InDesign vs XPress

Posted:
in Mac Software edited January 2014
I know there have been several threads on InDesign vs XPress, but thought I'd chime in with my own experiences. First a little history: I'm design director at a UK web agency, and all the apps I use on a daily basis are OSX native and I've been running OSX for quite a while, and really loving it since Jaguar. Many years previously I was a successful Print designer and knew XPress inside out, although the application frustrated the hell out of me, with important documents corrupting and an interface from Hell (well, System 7: it never took advantage of Platinum). I thought I'd give InDesign 1.0 a try - the touted Quark-Killer. Even though I loved the paragraph composer, the app was too slow and frustrated me even more than XPress, so I never made teh jump. And well with my life taking me more and more over to the net side of design I didn't give it too much thought.
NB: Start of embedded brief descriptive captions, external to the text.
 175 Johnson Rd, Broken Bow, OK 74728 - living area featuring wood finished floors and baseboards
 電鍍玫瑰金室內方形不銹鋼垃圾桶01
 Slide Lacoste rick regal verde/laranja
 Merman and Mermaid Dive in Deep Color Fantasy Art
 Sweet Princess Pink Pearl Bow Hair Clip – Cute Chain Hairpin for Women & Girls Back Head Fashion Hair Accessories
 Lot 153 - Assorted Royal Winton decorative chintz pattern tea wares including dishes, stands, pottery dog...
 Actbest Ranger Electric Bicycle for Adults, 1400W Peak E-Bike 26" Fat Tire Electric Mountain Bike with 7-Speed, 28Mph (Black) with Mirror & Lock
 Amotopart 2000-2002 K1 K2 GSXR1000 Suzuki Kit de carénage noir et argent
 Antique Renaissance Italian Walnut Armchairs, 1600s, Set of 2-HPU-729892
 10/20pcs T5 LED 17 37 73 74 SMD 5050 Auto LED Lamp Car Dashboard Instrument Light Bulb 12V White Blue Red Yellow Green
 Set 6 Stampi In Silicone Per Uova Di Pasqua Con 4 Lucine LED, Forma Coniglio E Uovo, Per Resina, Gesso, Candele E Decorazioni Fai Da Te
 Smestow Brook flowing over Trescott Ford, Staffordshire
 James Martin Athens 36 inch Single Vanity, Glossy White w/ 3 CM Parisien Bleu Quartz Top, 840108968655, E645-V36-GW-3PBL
Before Christmas I was commissioned by Macformat magazine in the UK to write a series of articles on Typography, with the first one being a tutorial on laying out body copy. I figured that this would be a perfect time to compare XPress with InDesign 2.0 and have spent the last few weeks playing with both apps.



All I can say is that I am extremely impressed with InDesign and in just about every area blows the doors off XPress. InDesign feels responsive and hasn't sunk with anything that I've thrown at it, and on a feature-for-feature comparison, InDesign just seems to go that extra mile.



At the end of the, the quality of the output is what counts, and InDesign can produce stuff equal to XPress output. But being able to place Photoshop files with alpha transparency into your work and easily export PDF files, was the icing on the cake and turned me into a convert.



My wife is a print designer and she still uses XPress in OS9. But she's not dependent on a legacy plug-in system and she's producing more and more PDFs to send to printers rather than XPress files, so I'm trying to encourage her to move so that we no longer have to boot into OS9 at home, which is a pain in the butt.



It's going to an interesting experiment to see if she does move and how she'll cope. She's interested, although slightly suspicious of InDesign, but that's mainly because she knows XPress so well.



Something I found quite impressive was how InDesign had taken the elements of Illustrator and XPress and rolled a best-of-both-worlds scenario.



Although I sympathise with those who can't move from XPress because of a dependance on XTensions or because their printer or repro house would rather work with XPress files, for everybody else I would strongly suggest you give the application a whirl (You can download a thirty day trial version from Adobe). It's surprisingly familiar to XPress so really should have no problems adapting.



And no, I'm not a stooge from Adobe, I'm just filled with the zealousness of the recently converted!